Task prompt >> Every line in the records below with the string "paquete" needs to be copied out.

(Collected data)
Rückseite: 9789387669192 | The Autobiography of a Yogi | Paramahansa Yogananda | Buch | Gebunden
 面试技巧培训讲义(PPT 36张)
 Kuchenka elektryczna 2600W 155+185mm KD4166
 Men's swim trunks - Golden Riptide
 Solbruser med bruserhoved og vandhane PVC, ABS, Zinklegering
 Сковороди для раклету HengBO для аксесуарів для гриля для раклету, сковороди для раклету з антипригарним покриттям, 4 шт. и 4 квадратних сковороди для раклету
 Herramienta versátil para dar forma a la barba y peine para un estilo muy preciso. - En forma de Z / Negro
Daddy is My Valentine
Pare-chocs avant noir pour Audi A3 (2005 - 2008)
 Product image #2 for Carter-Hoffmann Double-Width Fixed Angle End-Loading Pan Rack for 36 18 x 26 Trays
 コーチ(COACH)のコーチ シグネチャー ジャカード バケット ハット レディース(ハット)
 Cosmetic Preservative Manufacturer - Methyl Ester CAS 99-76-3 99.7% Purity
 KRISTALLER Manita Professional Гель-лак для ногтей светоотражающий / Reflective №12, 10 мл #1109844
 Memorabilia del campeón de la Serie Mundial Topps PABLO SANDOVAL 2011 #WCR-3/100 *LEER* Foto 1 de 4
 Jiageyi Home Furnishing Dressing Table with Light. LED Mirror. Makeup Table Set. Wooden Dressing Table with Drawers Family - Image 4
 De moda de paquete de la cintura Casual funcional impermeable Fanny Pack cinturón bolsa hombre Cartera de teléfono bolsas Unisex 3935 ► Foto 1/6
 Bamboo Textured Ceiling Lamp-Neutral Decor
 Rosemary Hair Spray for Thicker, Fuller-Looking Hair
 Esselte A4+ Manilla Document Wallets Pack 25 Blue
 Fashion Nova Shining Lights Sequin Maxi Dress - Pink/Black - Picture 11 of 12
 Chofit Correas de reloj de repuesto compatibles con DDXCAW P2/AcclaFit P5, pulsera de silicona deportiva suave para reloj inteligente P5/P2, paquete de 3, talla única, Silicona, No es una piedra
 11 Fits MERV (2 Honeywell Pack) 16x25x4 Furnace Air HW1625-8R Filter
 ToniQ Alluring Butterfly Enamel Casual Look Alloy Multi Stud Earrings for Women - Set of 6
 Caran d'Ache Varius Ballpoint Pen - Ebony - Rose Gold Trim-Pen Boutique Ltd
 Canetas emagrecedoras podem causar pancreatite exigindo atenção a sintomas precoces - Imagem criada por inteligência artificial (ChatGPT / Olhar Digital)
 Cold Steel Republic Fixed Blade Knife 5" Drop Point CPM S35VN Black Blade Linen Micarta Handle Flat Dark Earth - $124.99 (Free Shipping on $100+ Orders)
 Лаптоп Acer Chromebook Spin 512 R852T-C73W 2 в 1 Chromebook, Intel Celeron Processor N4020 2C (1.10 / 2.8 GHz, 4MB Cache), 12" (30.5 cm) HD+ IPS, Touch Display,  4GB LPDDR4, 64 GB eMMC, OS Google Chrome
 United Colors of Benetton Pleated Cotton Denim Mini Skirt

Reply >>
 De moda de paquete de la cintura Casual funcional impermeable Fanny Pack cinturón bolsa hombre Cartera de teléfono bolsas Unisex 3935 ► Foto 1/6
 Chofit Correas de reloj de repuesto compatibles con DDXCAW P2/AcclaFit P5, pulsera de silicona deportiva suave para reloj inteligente P5/P2, paquete de 3, talla única, Silicona, No es una piedra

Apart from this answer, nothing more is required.